The Subject was among the worst one could have used, not carrying any
meaning.  I reluctantly chose to fix it.

Also, Brandon, I'm not sure if you're subscribed (you didn't post in
here until recently), hence the CC.  Let me know if you're in fact on
the list (I hope so!)

On Wed, Apr 02, 2014 at 11:38:06AM +0000, Poul-Henning Kamp wrote:
> In message <20140402082306.GA24793@...nwall.com>, Solar Designer writes:
> 
> >Data-dependent branching has not been used as much yet, [...]
> 
> I never saw the point really.

I thought you advocated data-dependent branching or something like it
(switching between multiple crypto primitives) in your md5crypt EOL
announcement a couple of years ago.  I recall e-mailing you at the time,
expressing an opinion against data-dependent branching.  Well, that's
how it is in my memory.  It's good to know that your opinion is (now)
different (or I recall incorrectly). :-)

There is a point, and it is in causing attackers with massively parallel
hardware to waste some of their resources on some of:

1. Idle execution units (wasted die area, L1i cache or local memory).
If your hashing scheme may take one of many code paths on each
iteration, then an attack core implementing all of those code paths in
hardware will have all but one execution unit idle at each time.

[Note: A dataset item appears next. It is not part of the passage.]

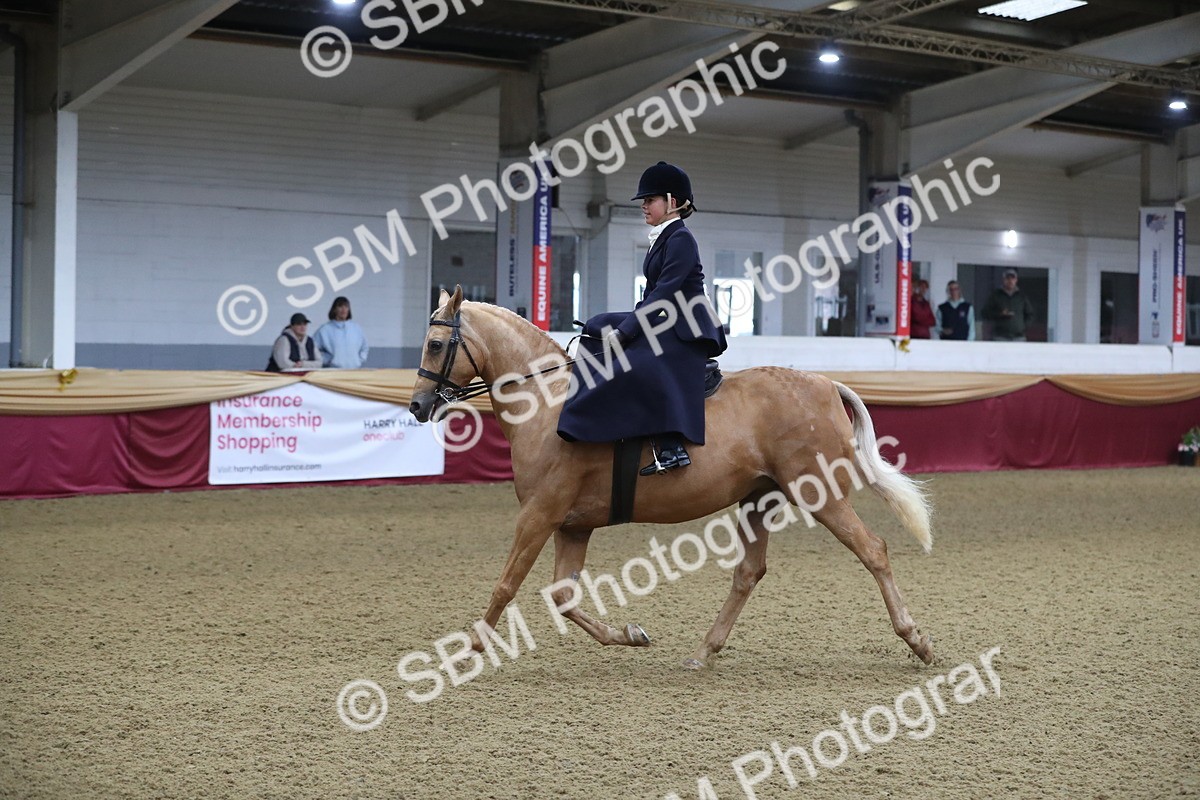 SBM_09298 - Class 101 Equitation (best rider), Junior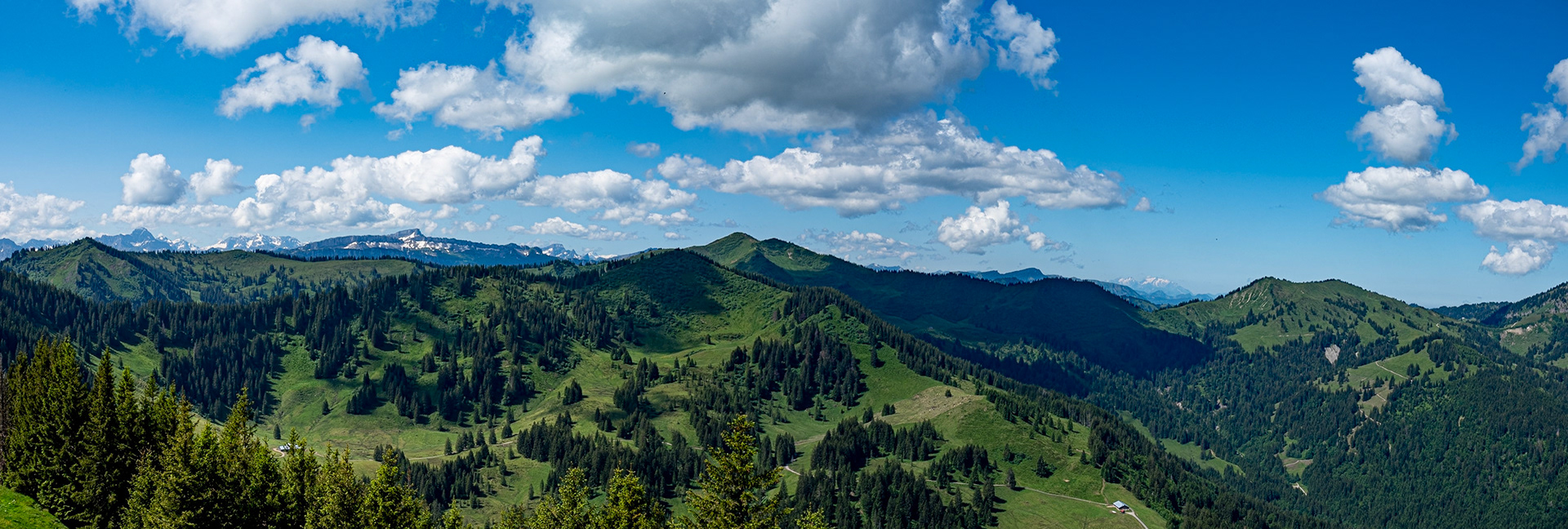 mit Weiherkopf, Rangiswanger Horn, bis kurz vor das Sigiswanger Horn und wieder zurück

2. Computation of never used intermediate results (multiple circuits
working in parallel followed by a MUX to choose the right result, or
eager execution on a GPU).

3. Buffering of intermediate results from multiple hash computations
(many more than there are parallel cores for), so that each individual
hash computation may temporarily stall, letting another proceed to a
next step instead.  That way, groups of operations matching each core's
actual circuits may be issued, not leaving any circuits idle most of the
time.  (I think this is roughly how the SunMD5 code in JtR -jumbo
manages to use SIMD, although I didn't review it very closely.  JimF
wrote it.  IIRC, its buffering is on the order of hundreds of candidate
passwords per CPU core, even though the target SIMD parallelism is an
order of magnitude lower.  The extra parallelism, which is easily
available to the attacker, is needed to ensure that the probability of
leaving idle resources (SIMD lanes in this case) is comfortably low.)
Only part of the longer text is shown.